Les séquences de rêve d’Elvira, notamment celle qui ouvre le film, sont à la fois magnifiques et très tristes. Comment les avez-vous conçues ? Et pourquoi ce choix musical ?
Le film est assez camp, et rêver d’un prince, c’est camp aussi. On voulait quelque chose de théâtral, un peu kitsch, mais toujours beau — un équilibre où on ne sait plus si c’est du premier ou du second degré. Au montage, on avait d’abord mis de la musique des années 70, très belle et sincère, mais on se demandait si les gens allaient comprendre que c’était un pastiche. Avec le monteur, on a donc décidé de chercher quelque chose de plus moderne, pour créer une ironie dramatique. On a découvert The Village, une compositrice norvégienne, et son album Melting Songs. Sa musique est passionnée, sincère, mais aussi drôle — exactement comme mon film. En l’écoutant sur la scène, on a soudain senti qu’Elvira pouvait être une fille d’aujourd’hui, pas juste une héroïne de film des années 70.

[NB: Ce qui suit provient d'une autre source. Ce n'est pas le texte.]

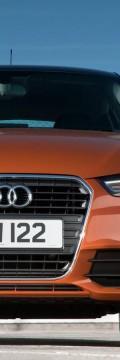 AUDI Modello
  A1  Caratteristiche tecniche
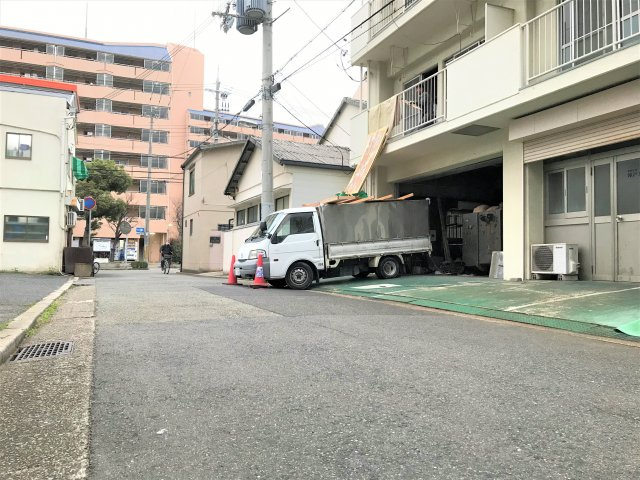 神装コーポの周辺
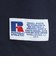 ラッセル（RUSSELL）30/-TC 長袖Tシャツ RBM25S0016 NVY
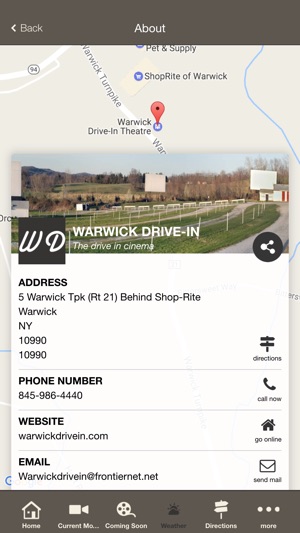 WARWICK DRIVE-IN THEATER(圖5)-速報App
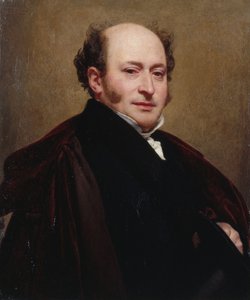 Selvportræt, ca. 1830. af Jean Pierre Granger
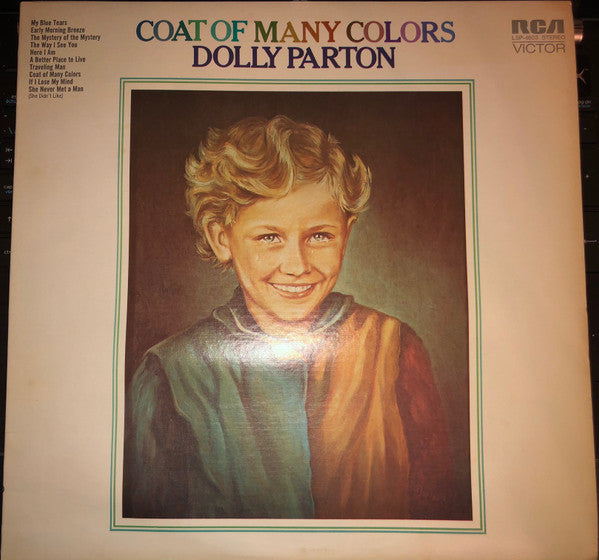 Dolly Parton : Coat Of Many Colors (LP, Album)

As-tu d’autres projets cinématographiques ?
Oui ! Je travaille sur deux projets très différents de celui-ci. Personnellement, je ne me considère pas comme une réalisatrice de genre. J’admire la manière dont Kubrick a fait Shining, Barry Lyndon, 2001… — il utilisait les genres pour raconter des histoires, sans s’y enfermer. C’est ce que j’essaie de faire aussi. Le premier projet est un film d’anticipation avec deux jumelles qui vont dans une fabrique de pop stars pour devenir célèbres. Il y aura un peu de body horror, mais aussi beaucoup de réflexion sur la musique pop. Le deuxième est un film qui se passe dans les années 1920, sur une île norvégienne. Une journaliste britannique vient enquêter sur ce qu’elle pense être une utopie féministe… mais il n’y a presque que du hareng. C’est un peu une blague, mais aussi un film très différent.
Mais tous ces projets resteront des films à moi, avec ma sensibilité : humour et tendresse.
Merci infiniment à Emilie Blichfeldt pour sa spontanéité, sa sincérité et son engagement. Merci également à Blanche Aurore Duault pour avoir rendu possible cet échange.